The president described disproportionate rates of unemployment, imprisonment and lack of health insurance in minority communities as barriers of the moment. He contrasted them with the clubs and police dogs that black marchers faced in the 1960s and said that solving present-day problems would require comparable determination.
And “make no mistake,” he continued, “the pain of discrimination is still felt in America. By African-American women paid less for doing the same work as colleagues of a different color and a different gender.”

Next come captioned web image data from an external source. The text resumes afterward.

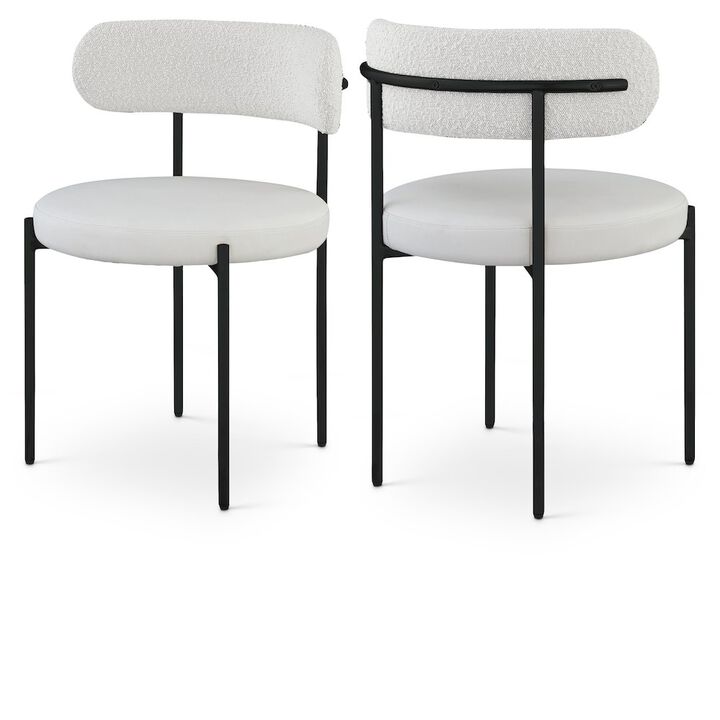 Meridian Furniture Beacon Cream Vegan Leather and Boucle Fabric Dining Chair, Set of 2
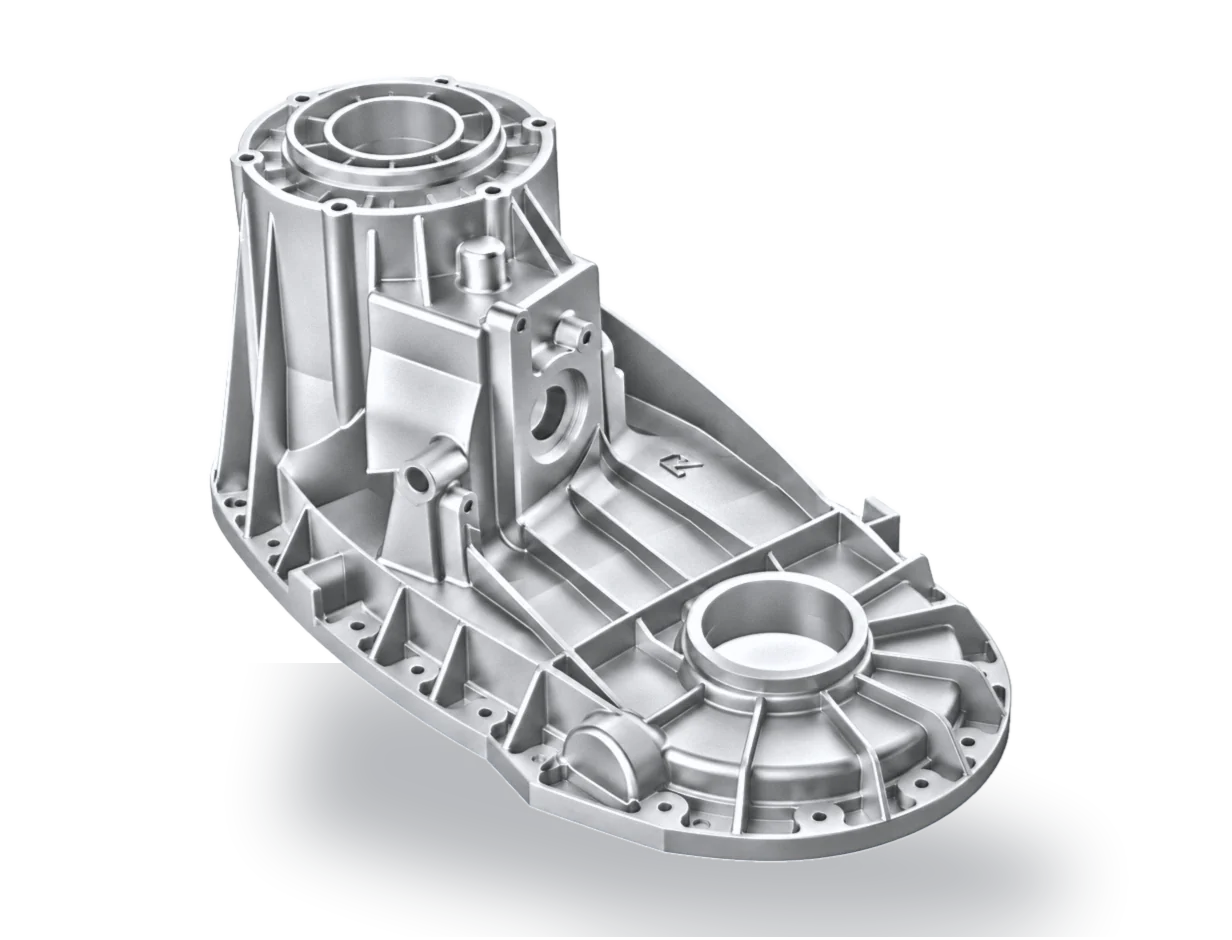 Tall aluminium gearbox housing with ribbed walls and multiple bores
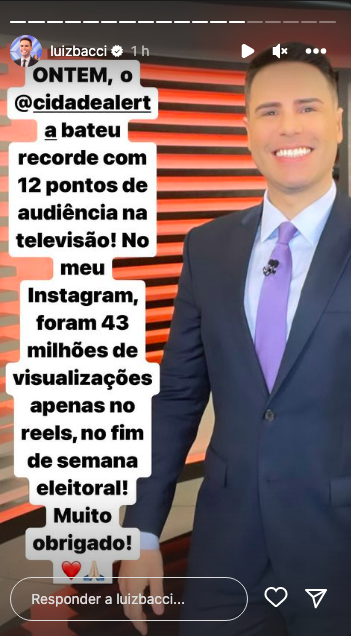 Luiz Bacci agradece público (Reprodução) 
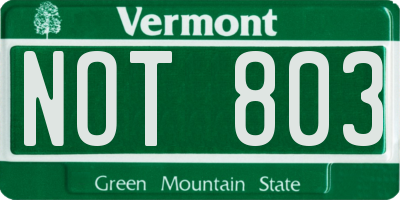 VT license plate NOT803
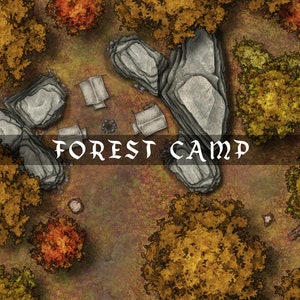 Autumn Forest Camp Battlemap - DnD Battle Map, VTT, D&D, 5e, Roll20, Foundry, Digitale Kaart Downloaden, Handgemaakte kaart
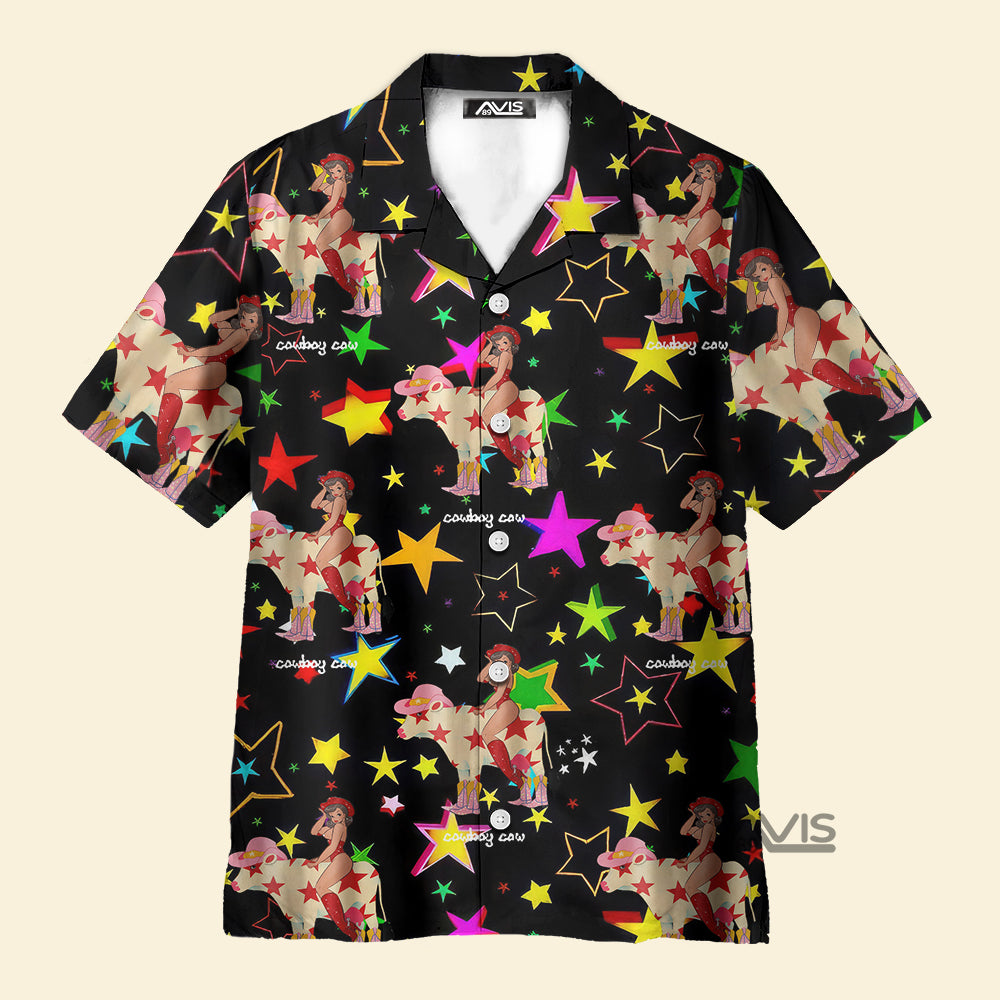 Avis89 Retro Western Cowgirl Black - Hawaiian Shirt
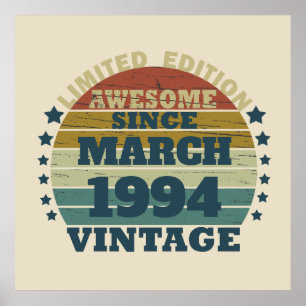 Personlig trettio vintage 30-årsfest poster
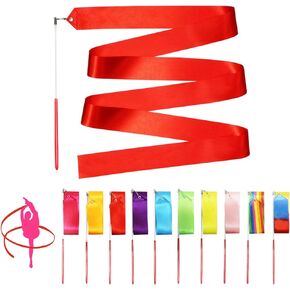 Novelty Place 10 Pieces Dance Ribbons Streamers - 6.6Ft Unisex Kids' Gymnastics Ribbon Wands - Perfect Rhythm Sticks for Talent Shows, Artistic Dancing, Baton Twirling (10 Colors) in Kuwait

This was no exceptionalist rant. Speaking to Mr. Robinson, the president used the first-person plural revealingly when he said: “I do think it is important for the African-American community, in its diversity, to stay true to one core aspect of the African-American experience, which is we know what it’s like to be on the outside.”
During the campaign, Mr. Obama tended to avoid direct engagement with racial issues until circumstances (a tempest over his former pastor, the Rev. Jeremiah Wright) made further evasion impossible.
He reached a similar moment when he was asked to comment on Mr. Gates’s arrest at a White House news conference on Wednesday.
In a remark that became instantly famous, he responded that the police acted “stupidly” in arresting Mr. Gates when no crime had been committed and the professor was standing in his own home. Mr. Obama further noted that disproportionate attention from the police was an unwelcome fact of black life in America.
People who have heretofore viewed Mr. Obama as a “postracial” abstraction were no doubt surprised by these remarks. This could be because they were hearing him fully for the first time.